Dans une tonalité mêlant poésie
et critique toute en finesse, le film distille une évocation
très juste de l’Amérique dans ce qu’elle a,
à la fois de typique et de médiocre : ses
cheerleaders, ses drugstores, ses fast-food, ses vieux
disques. Une culture qui ne fait plus rêver aujourd’hui,
mais qui joue sur ses acquis, dont il ne reste que quelques
débris épars : l’image leitmotiv d’un vieil
homme assis sur un banc, espérant un bus qui n’existe
plus, en est l’illustration.
Les moqueries incessantes et les railleries
de deux jeunes filles, nous rappellent, avec soulagement,
qu’il y a encore des gens qui n’adhèrent pas à
tout ce qui leur est proposé (ou imposé, le
résultat étant le même). Telle une fatalité,
il semblerait que le monde se divise en deux catégories :
les –in et les –out, un peu à la manière
d’un Donnie Darko.
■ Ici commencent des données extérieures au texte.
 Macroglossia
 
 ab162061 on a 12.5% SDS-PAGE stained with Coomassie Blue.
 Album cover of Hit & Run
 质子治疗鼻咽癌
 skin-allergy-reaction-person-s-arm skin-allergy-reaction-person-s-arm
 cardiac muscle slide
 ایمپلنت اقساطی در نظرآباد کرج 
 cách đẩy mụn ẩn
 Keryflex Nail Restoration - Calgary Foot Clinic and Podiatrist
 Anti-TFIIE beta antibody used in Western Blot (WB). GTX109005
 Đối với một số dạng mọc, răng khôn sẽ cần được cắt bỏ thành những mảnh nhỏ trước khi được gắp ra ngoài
Refuser de se (dé)vouer corps
et âme à la nation équivaut à s’en
exclure, à s’octroyer le statut d’outsider, comme si
aucun compromis n’était possible. A cet égard,
le personnage interprété par Steve Buscemi (Reservoir
dogs, Fargo, The big Lebowski..) est à la fois
attendrissant et infiniment triste.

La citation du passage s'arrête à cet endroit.